Today's burgeoning field of "electroceuticals" takes advantage of the same principle. Doctors use a variety of delivery methods, both external and implanted, to convert the electrical activity of the brain. For some people, electroconvulsive therapy can relieve severe depression or mania that medications don't fix. This surge of electricity triggers a brief seizure that is believed to reset the brain and alleviate symptoms. Some people with Parkinson's disease have also found relief from electricity: rhythmic discharges from electrodes implanted deep in the brain can reduce tremors and stiffness.
These methods are different from those that have caught the attention of the DIY crowd. Transcranial direct current stimulation, known as tDCS, sends small amounts of constant electrical current to the scalp. Although the details are still hazy, tDCS is thought to work by making neurons more or less active, depending on whether the device's anode or cathode is placed on the neurons. Electricity does not force neurons to fire messages or remain silent; Instead, it gently tips the scales toward action or inaction, studies have found.

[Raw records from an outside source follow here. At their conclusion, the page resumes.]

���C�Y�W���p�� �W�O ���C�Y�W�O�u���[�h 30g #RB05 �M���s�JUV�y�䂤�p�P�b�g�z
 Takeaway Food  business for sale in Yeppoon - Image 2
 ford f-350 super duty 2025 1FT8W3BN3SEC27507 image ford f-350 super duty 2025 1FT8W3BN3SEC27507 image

Depending on which part of the brain is activated, tDCS can affect things like attention, working memory, visual skills, and math skills. For example, stimulation of the upper part of the brain resulted in 15 healthy people learning an invented number system better than healthy people who received no stimulation, and the benefits lasted for months after the stimulation ceased, according to neuroscientist Roi Cohen. Kadosh of Oxford University and colleagues.reportedcurrent biologyin 2010.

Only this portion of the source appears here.